# [PROBLEM REQUIREMENTS]
Every line below from the one with "ZOLL-E: STA Duisburg" through the one with "Genesis GV80, 2021г, задний привод, автомат" is to be repeated exactly, with no picture among them.

# [SOURCE MATERIAL]
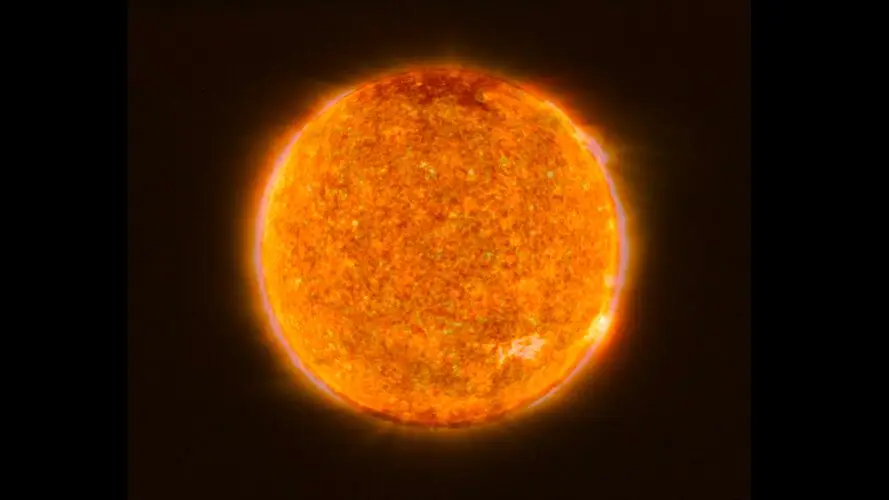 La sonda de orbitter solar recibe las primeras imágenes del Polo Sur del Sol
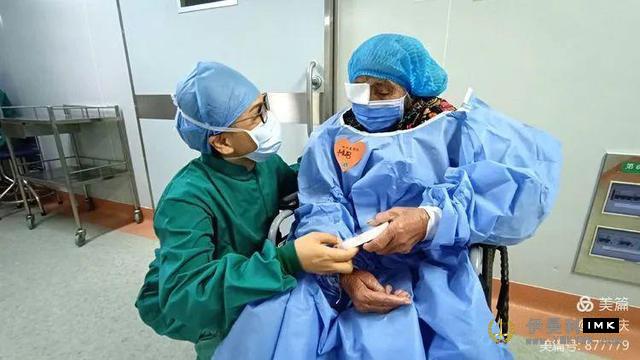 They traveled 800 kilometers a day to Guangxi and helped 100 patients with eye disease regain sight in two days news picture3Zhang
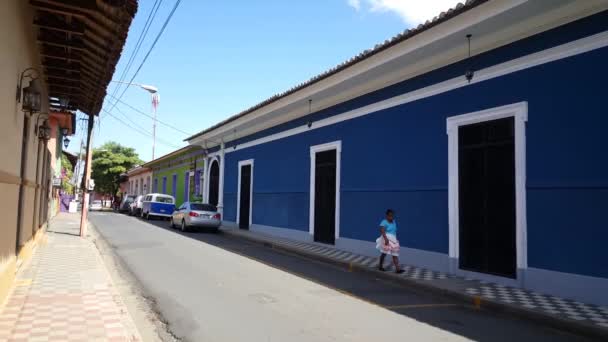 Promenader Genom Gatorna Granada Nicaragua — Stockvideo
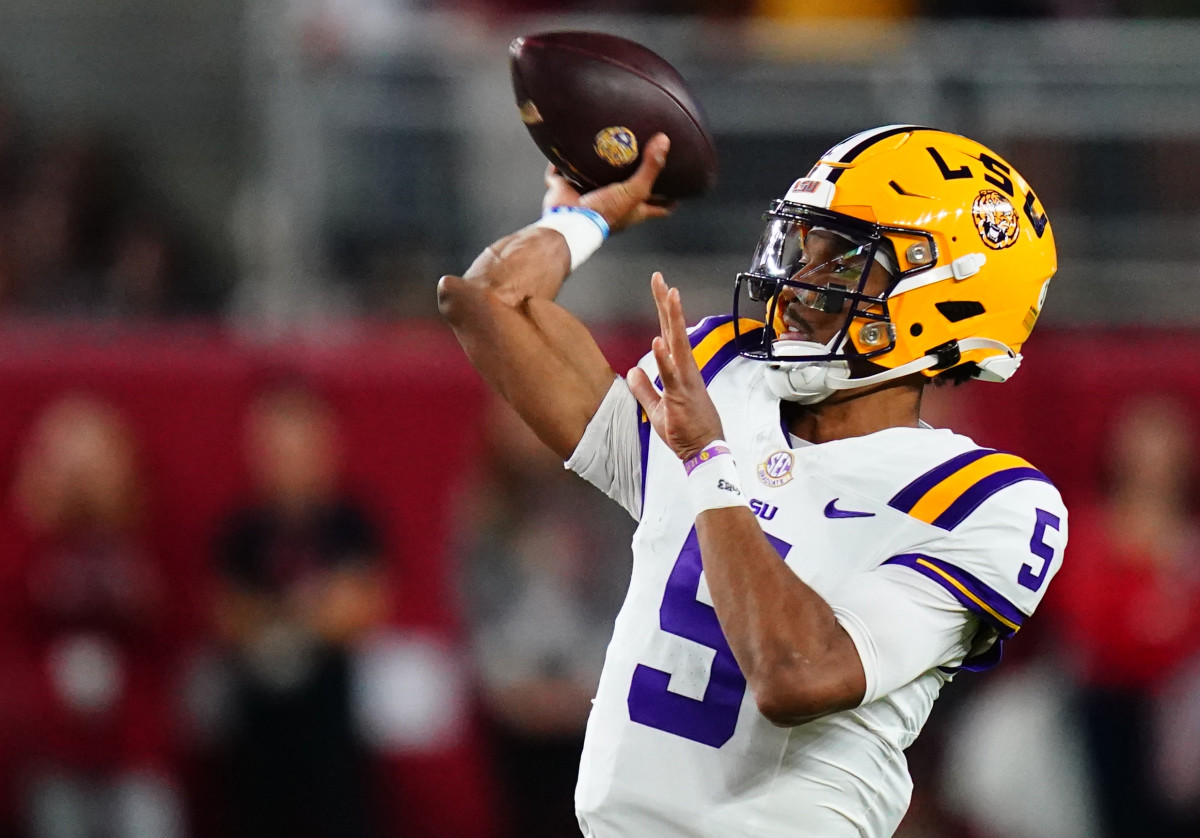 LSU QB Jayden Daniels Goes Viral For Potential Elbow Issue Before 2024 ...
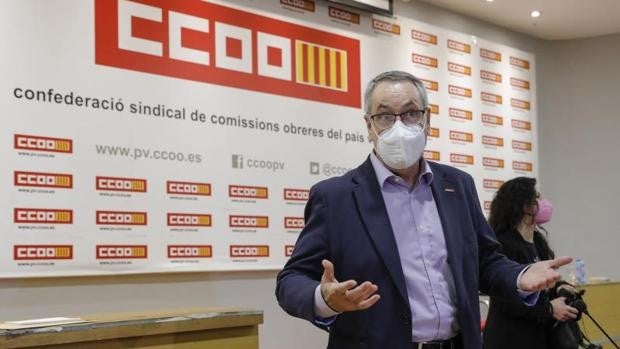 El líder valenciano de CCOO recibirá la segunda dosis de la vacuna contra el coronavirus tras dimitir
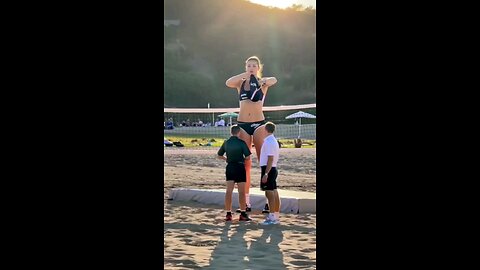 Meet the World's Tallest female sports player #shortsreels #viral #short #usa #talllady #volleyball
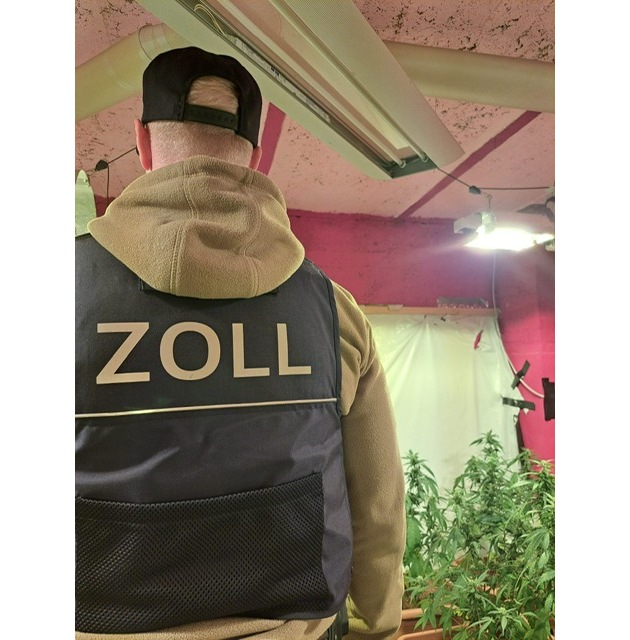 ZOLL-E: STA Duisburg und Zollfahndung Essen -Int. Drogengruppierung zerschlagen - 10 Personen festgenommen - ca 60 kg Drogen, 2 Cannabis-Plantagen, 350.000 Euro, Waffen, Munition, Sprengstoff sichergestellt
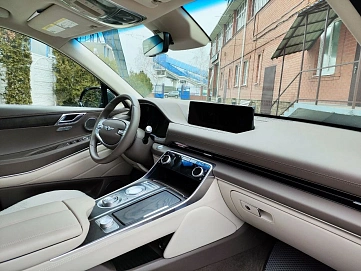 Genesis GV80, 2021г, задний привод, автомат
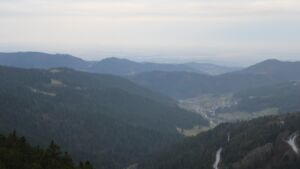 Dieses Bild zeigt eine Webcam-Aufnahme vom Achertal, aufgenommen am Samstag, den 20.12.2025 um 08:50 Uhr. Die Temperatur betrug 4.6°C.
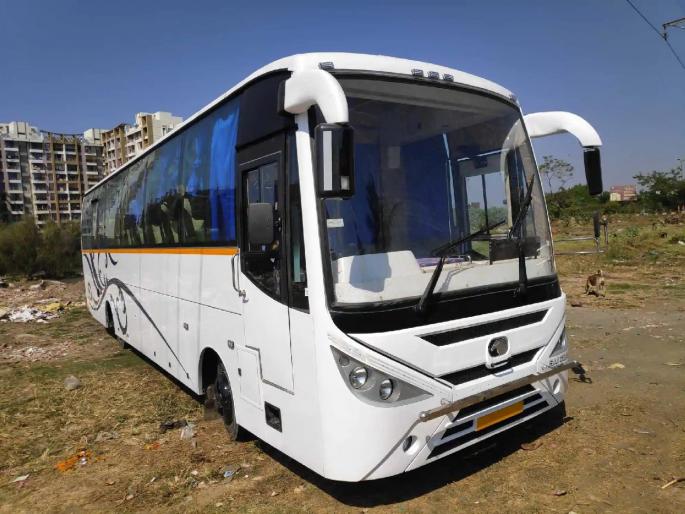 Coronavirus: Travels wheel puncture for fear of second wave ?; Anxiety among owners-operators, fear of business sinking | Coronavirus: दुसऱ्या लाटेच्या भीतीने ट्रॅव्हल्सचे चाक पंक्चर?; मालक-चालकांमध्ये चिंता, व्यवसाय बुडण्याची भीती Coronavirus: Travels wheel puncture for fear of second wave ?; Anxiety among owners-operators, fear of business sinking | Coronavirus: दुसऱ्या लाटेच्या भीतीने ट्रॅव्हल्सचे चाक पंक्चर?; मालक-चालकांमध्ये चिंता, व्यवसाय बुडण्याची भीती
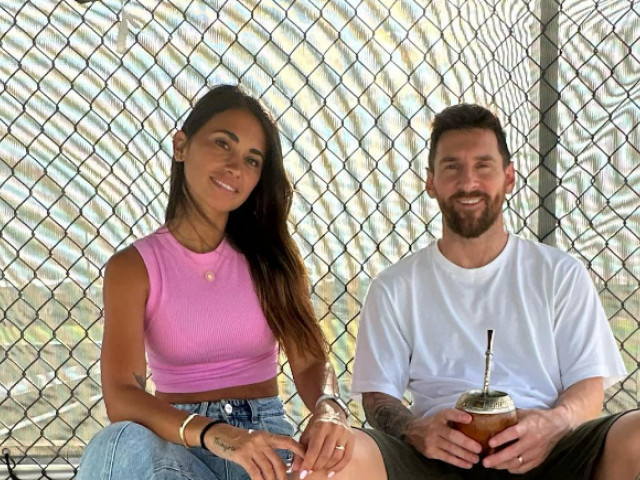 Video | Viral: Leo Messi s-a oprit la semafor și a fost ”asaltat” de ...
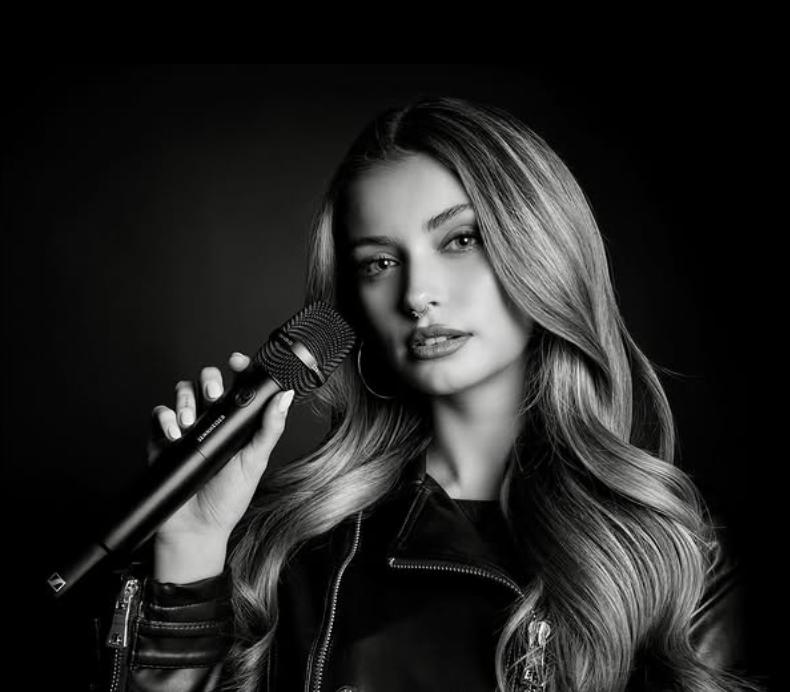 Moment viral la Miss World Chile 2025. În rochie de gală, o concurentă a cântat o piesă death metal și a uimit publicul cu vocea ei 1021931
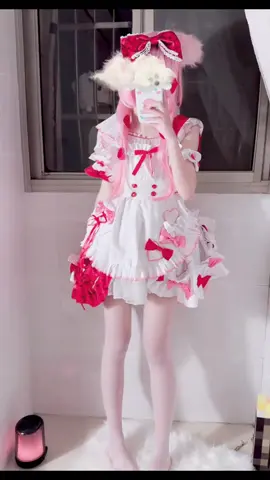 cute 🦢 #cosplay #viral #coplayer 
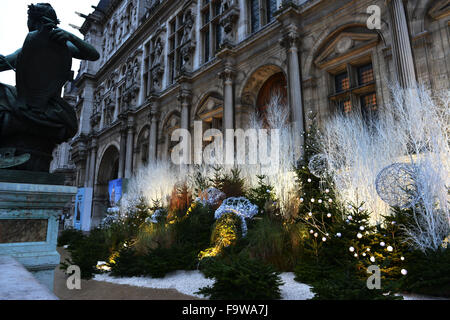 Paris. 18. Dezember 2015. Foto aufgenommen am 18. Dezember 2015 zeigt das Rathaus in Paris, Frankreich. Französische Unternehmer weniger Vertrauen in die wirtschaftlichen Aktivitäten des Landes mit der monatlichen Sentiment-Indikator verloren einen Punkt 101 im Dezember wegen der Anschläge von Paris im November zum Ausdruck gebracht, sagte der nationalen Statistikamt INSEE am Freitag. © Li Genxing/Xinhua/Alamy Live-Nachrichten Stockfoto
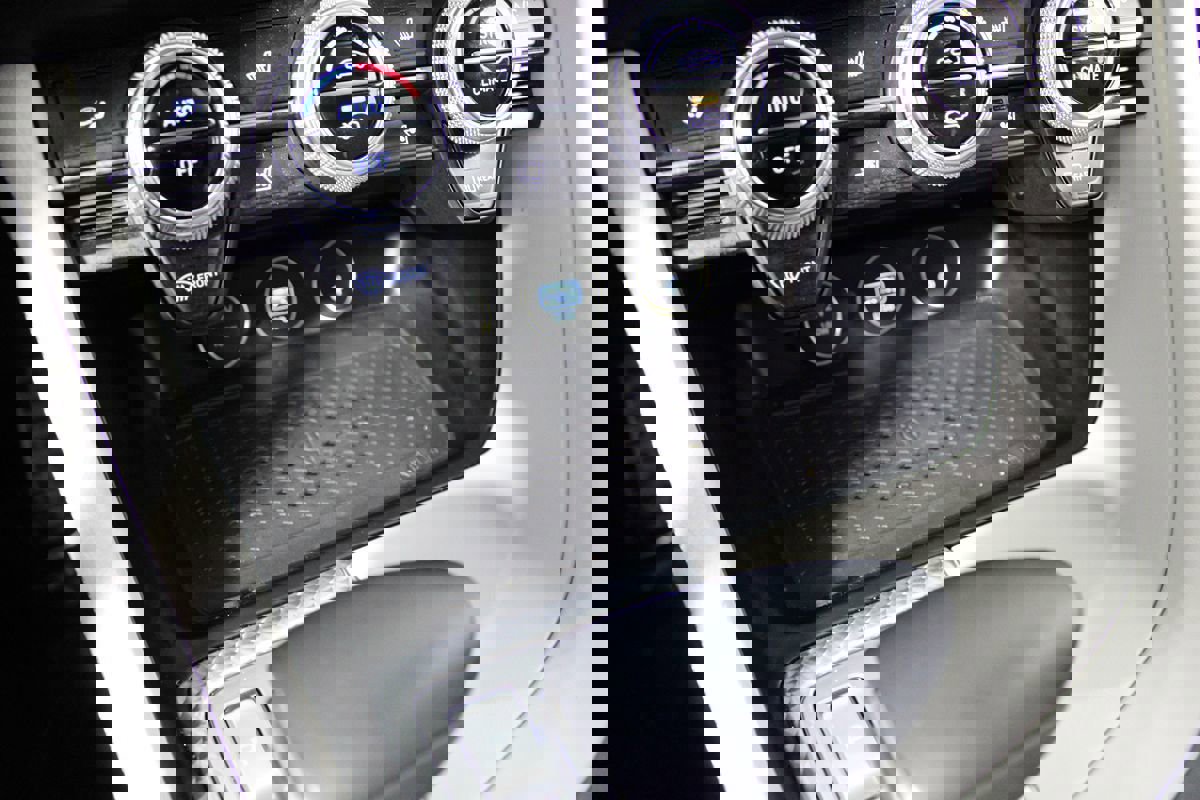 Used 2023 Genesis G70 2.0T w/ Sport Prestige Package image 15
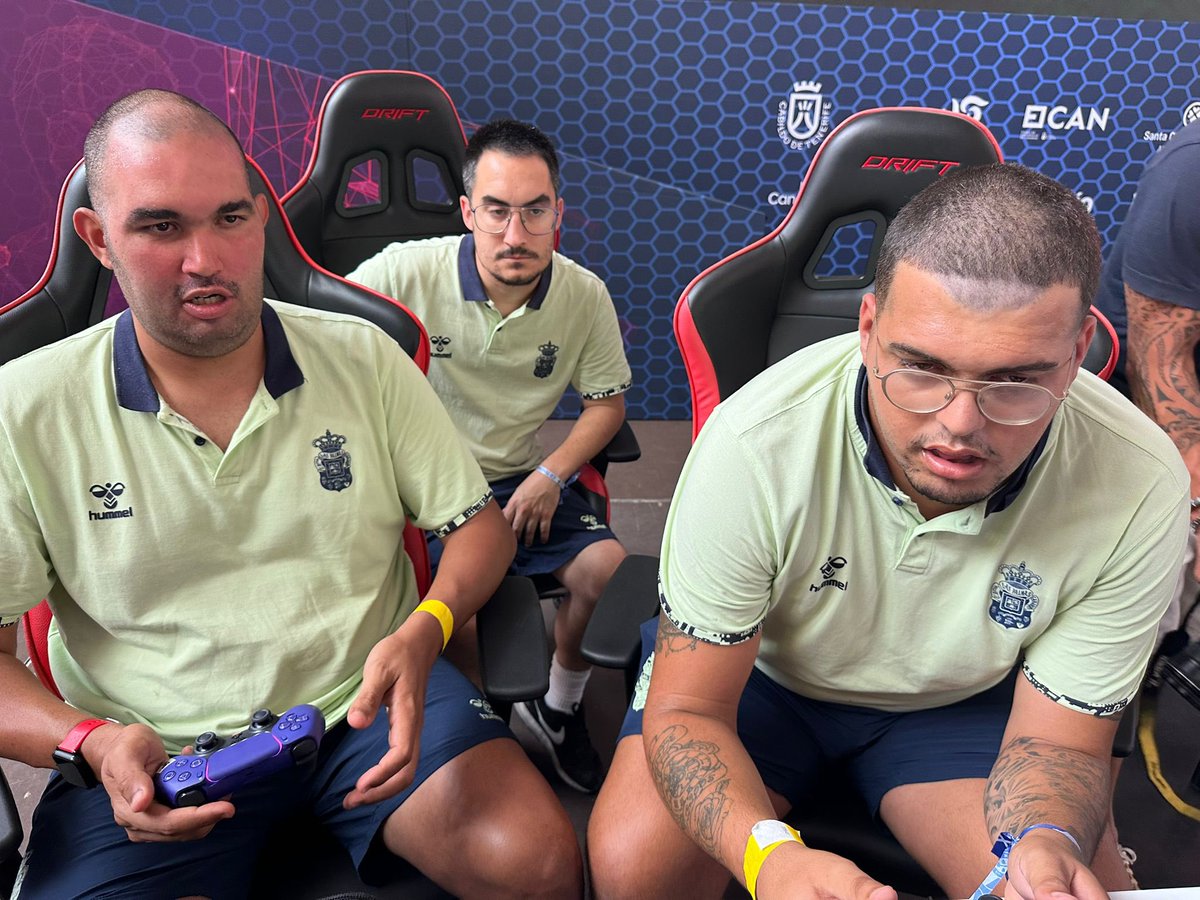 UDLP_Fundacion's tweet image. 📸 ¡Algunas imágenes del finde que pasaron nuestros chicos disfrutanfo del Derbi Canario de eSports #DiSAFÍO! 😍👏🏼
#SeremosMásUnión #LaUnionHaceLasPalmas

# [EXERCISE RESPONSE]
 ZOLL-E: STA Duisburg und Zollfahndung Essen -Int. Drogengruppierung zerschlagen - 10 Personen festgenommen - ca 60 kg Drogen, 2 Cannabis-Plantagen, 350.000 Euro, Waffen, Munition, Sprengstoff sichergestellt
 Genesis GV80, 2021г, задний привод, автомат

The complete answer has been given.